Ce soir à la TV : inédit, ce film est considéré comme le "meilleur de tous les temps"

Ce soir à la TV : inédit, ce film est considéré comme le "meilleur de tous les temps"

Ce soir, Arte diffuse "Jeanne Dielman, 23, quai du Commerce, 1080 Bruxelles", un chef-d'œuvre de Chantal Akerman élu "meilleur film de tous les temps" par la revue britannique Sight and Sound en 2022. Une occasion rare de découvrir cette œuvre majeure du cinéma.

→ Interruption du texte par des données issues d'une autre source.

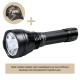 Hakuvalo Fenix HT32, 2500 lm + Fenix maastolippis 0 eur (arvo 14,90 eur) Hakuvalo Fenix HT32, 2500 lm + Fenix maastolippis 0 eur (arvo 14,90 eur)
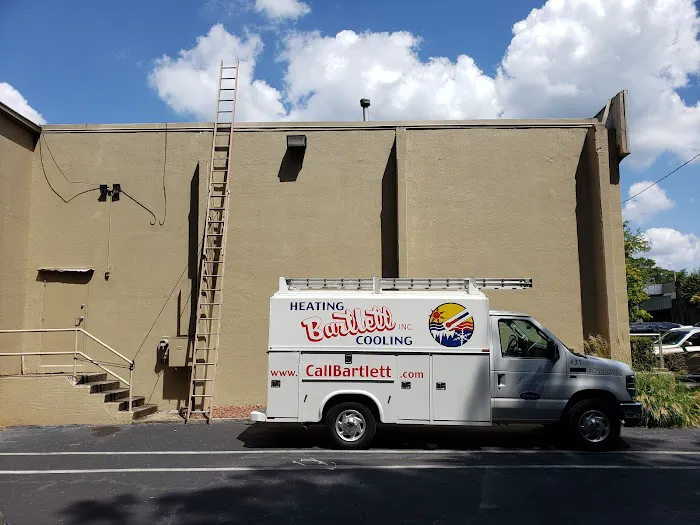 Bartlett Heating & Cooling Picture 1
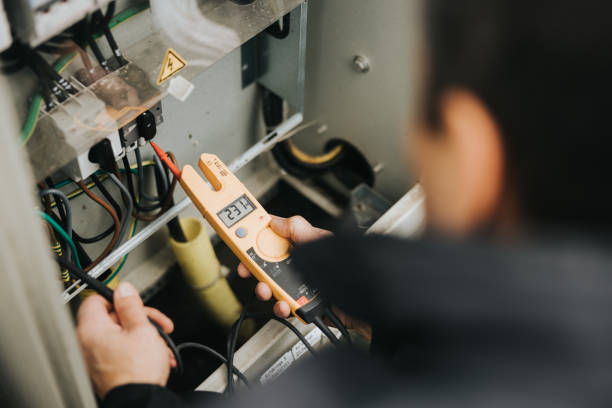 Best Affordable Electrician  in Maurice, LA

Un portrait radical du quotidien féminin

Réalisé en 1975 par Chantal Akerman, Jeanne Dielman, 23, quai du Commerce, 1080 Bruxelles est une immersion totale dans le quotidien de Jeanne Dielman, une femme veuve et mère d’un adolescent, incarnée avec une intensité remarquable par Delphine Seyrig. Jeanne mène une vie qui semble monotone et réglée comme du papier à musique : elle fait le ménage, cuisine, et reçoit des clients occasionnels, vendant ses services pour subvenir aux besoins de son foyer.

Sur près de 3 heures et 20 minutes, le film déploie une narration lente et dépouillée, s’attardant sur chaque geste de Jeanne. La caméra, souvent statique, capte avec une précision presque hypnotique les rituels domestiques et les micro-détails de son existence. Mais derrière cette façade d’apparente normalité, le film instille une tension insidieuse. La répétition devient étouffante, et les failles du personnage se dévoilent peu à peu, jusqu’à un basculement final déconcertant.

Chantal Akerman, à seulement 25 ans lors de la réalisation, révolutionne la manière de représenter la vie quotidienne des femmes au cinéma. À travers ce film, elle fait une critique implicite de l’aliénation domestique et de la solitude. Le spectateur, placé dans une posture d’observateur minutieux, est invité à reconsidérer l’importance des gestes les plus banals et leur impact psychologique.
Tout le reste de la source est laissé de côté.